Opinión

Lo que no se traduce

Una de las ventajas con la que cuentan los gurús de las altas finanzas y políticas en nuestro primer mundo (ya saben, el de la sociedad del bienestar, de las conquistas sociales y del control de los gobiernos por parte de los ciudadanos a través de mecanismos democráticos), es su habilidad prestidigitadora para disfrazar de caricias los latigazos con los que nos laceran la espalda, de manera que en lugar de rebelarnos contra la tortura y tratar de liberarnos de las esposas, confían en que les estemos eternamente agradecidos por su desvelo, y por ocupar un lugar preferente en sus altares. Para que nos creamos esos cuentos y sus cantos de sirena son necesarias dos premisas: una, que la gente no se forme ni se informe, y que se trague a pie juntillas el discurso lineal, oficial, rotundo, como si de oráculo infalible se tratara; vamos, que lo propicio para sus fines es gobernar una sociedad analfabeta para que sea más fácil metérsela doblada. Claro que esto no nos coge de sorpresa, y ya uno de nuestros célebres escritores del siglo de oro dijo que “en la ignorancia del pueblo está seguro el dominio de los príncipes”. La otra premisa para conseguir ese efecto somnífero en la ciudadanía es la de dirigirse a ellos (a nosotros) de modo rimbombante, amanerado y pedante. Hoy está en alza el arte de hablar mucho sin decir nada. Para eso no vale cualquiera; hay que tener una jeta especial, y ser capaz de aguantar la sonrisa burlona mientras se habla con gesto grave. Y si se consigue, y a los paletos incultos le soltamos una de esas frases rococó, se quedarán con la boca abierta y la mente inerte, sin margen de reacción ante los desmanes. Entonces se habrá alcanzado el objetivo: además de tontos, apaleados.

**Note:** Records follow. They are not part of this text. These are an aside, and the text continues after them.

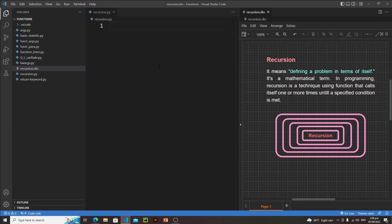Hi everyone, in this lecture we will talk about recursion. Recursion means defining a problem in terms of itself. It's a mathematical term, but in programming, the process in which a function calls itself directly from its own body is called recursion, and the function is called a recursive function. It is used to solve problems that can be broken down into smaller repetitive problems.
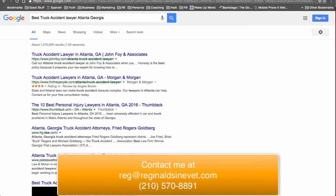Go ahead and do so, and we can set up an appointment and discuss keywords that you're wanting to rank or any type of SEO or lead generation ideas that you may want to discuss. Again, this is Reginald Senevet with RS Marketing. I look forward to hearing from you. Bye for now.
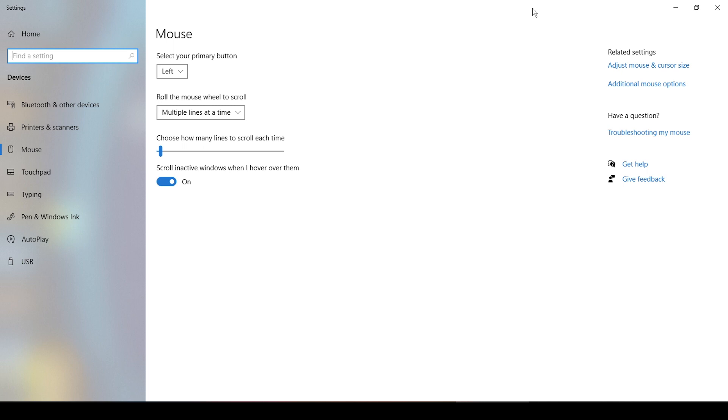So first, we're going to talk about sensitivity with controlling your mouse. Now, with controlling your mouse, there's really three different things that you need to be paying attention to. The first one is your Windows setting. The second is going to be your DPI, and then the third is going to be your in-game sensitivity, and we're going to cover each one.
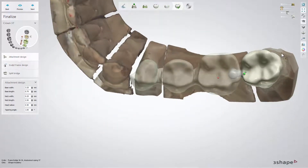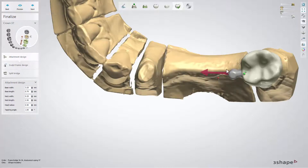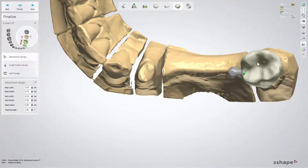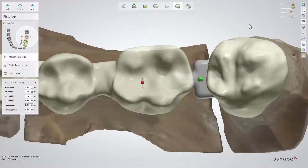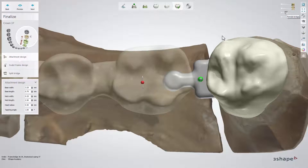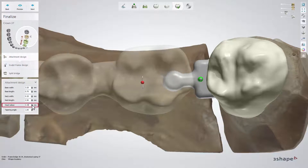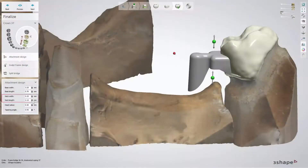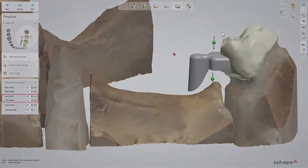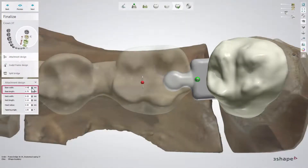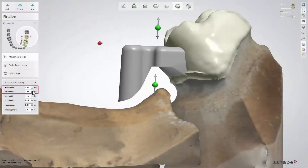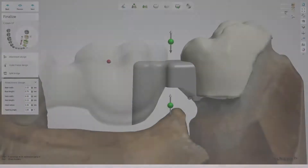For a stable structure, please make sure that the head of the attachment is placed in parallel with the alveolar bone. Using options in the menu to the left, you can change the shape of the attachment by modifying the following parameters: the head radius, the neck, the base, and the tapering angle.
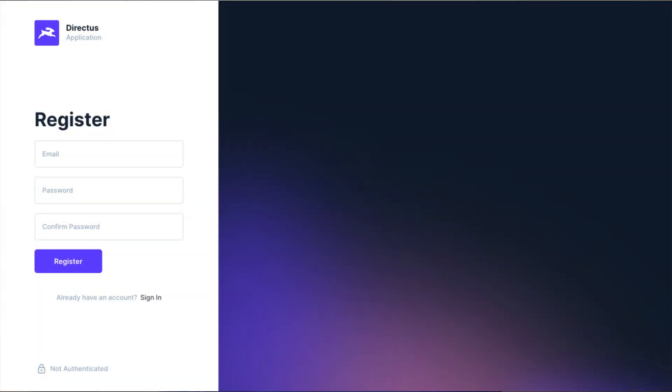The key new feature in this release is the introduction of public user registration. Once enabled in your project, you can register new users directly from the login screen of the Data Studio.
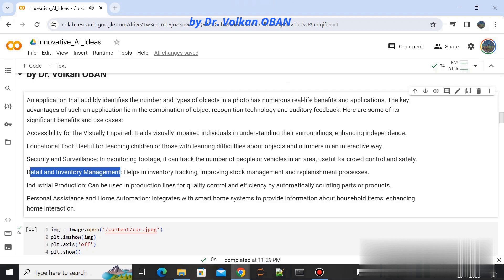Retail and inventory management: helps in inventory tracking, improving stock management and replenishment processes.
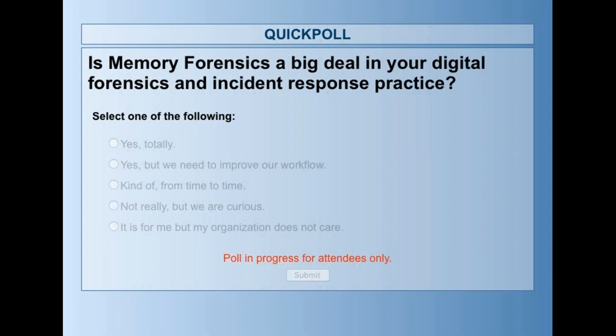Just for your information, the last poll: 'Is memory forensics a big deal in your organization?' Only 25% replied 'yes, totally.' 8% replied 'yes, but we need to improve our workflow.' 41% — the majority — replied 'kind of, from time to time.' 6% said 'not really, but we are curious.' And 21%, which is pretty significant, said 'it is for me, but my organization does not care.' Pretty interesting numbers.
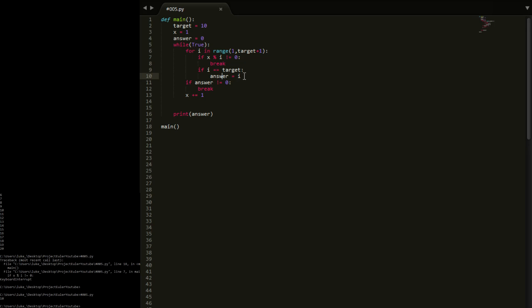All I care about is changing the variable. We could make that answer_found, change it to true when we've found an answer. Answer_found up here is equal to false — this would make more sense. Then if answer_found, we print x down here. Yeah, this should be right.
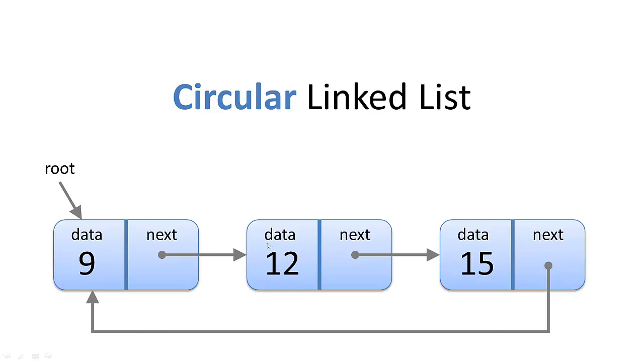Why would you want to do that? Well, let's say you're simulating a board game, like Monopoly, and you want to continuously iterate around the board. A circular linked list would enable you to do that.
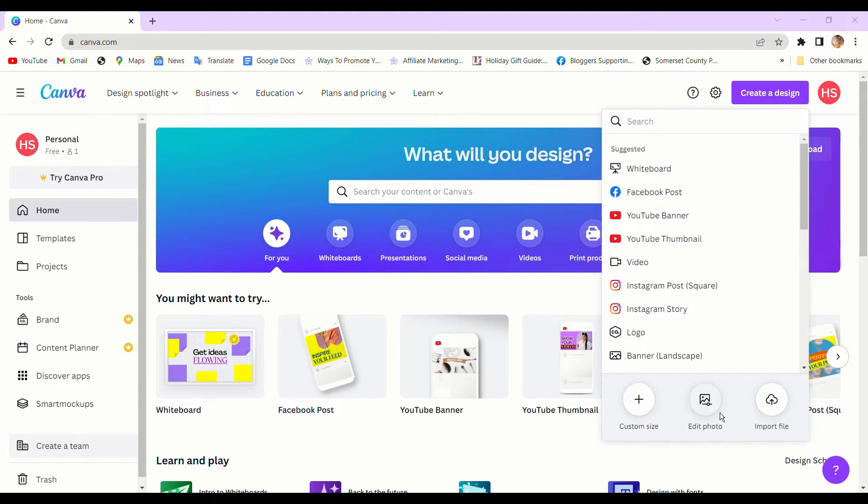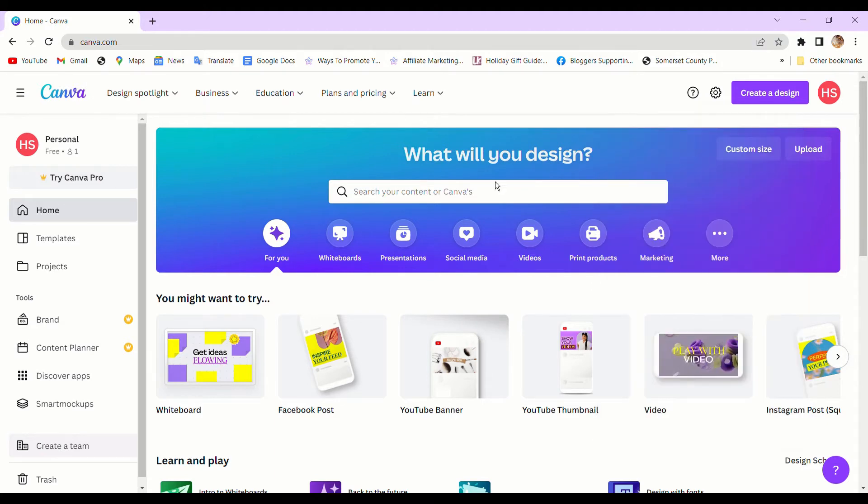After you do so, at the very bottom, you'll see a button that says Edit Photos. You will click on that.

Digo esto porque, leyendo las (pen)últimas recomendaciones del FMI para España, uno puede pensar que nos toman por gilipollas. Con esa combinación de aire de superioridad y de tecnicismo estúpido, este organismo nos da consejos de obligado acatamiento para que la milagrosa recuperación, al parecer envidia de todo el mundo, no sea un mero espejismo. Así, dice que se deben corregir algunas cosas que aún están descontroladas. Nimiedades, ya verán. Por ejemplo el déficit público, cuya reducción todo lo justificaba, no acaba de entrar en vereda. ¿Qué hacer? En lenguaje oligarca de este organismo, hay que acometer reformas del gasto social y salarial de las administraciones públicas, haciéndolos más sostenibles; como el pueblo es paleto no se dará cuenta de que eso significa suprimir prestaciones sociales y derechos de los funcionarios. También dicen esos sabios que hay que tomar decisiones difíciles tanto en el lado de los gastos como de los ingresos (traducción al cristiano: meter un tijeretazo en el gasto social y aumentar la carga impositiva), y aconsejan fijar cautelosamente las prioridades para lograr que los sistemas públicos de pensiones y salud sean sostenibles a largo plazo. Ya, ya sé que esto último no es fácil de entender, pero de eso se trata, pues si no nos daríamos cuenta de que lo que quieren es retrasar la edad de jubilación, reducir las pagas de los jubilados y suprimir gasto sanitario. ¿Y qué pasa con el descontrol en educación? El FMI exige una mejor eficiencia, para lo que es esencial limitar el crecimiento del gasto por alumno, por ejemplo modificando el tamaño de las clases o racionalizando el gasto en salarios. Esto está más claro: más alumnos por aula y profesores peor pagados. ¿Lo ven? Solo hace falta leer un poco entre líneas.

Quien sí habló y al tiempo aguantó la risa de modo estoico fue Rajoy, cuando dijo hace unos días: “Fuera de España, lo saben ustedes mejor que yo, se mira a nuestro país como un ejemplo de cómo se puede salir de la crisis”.

Perdónenme, pero me resulta imposible traducir esto último.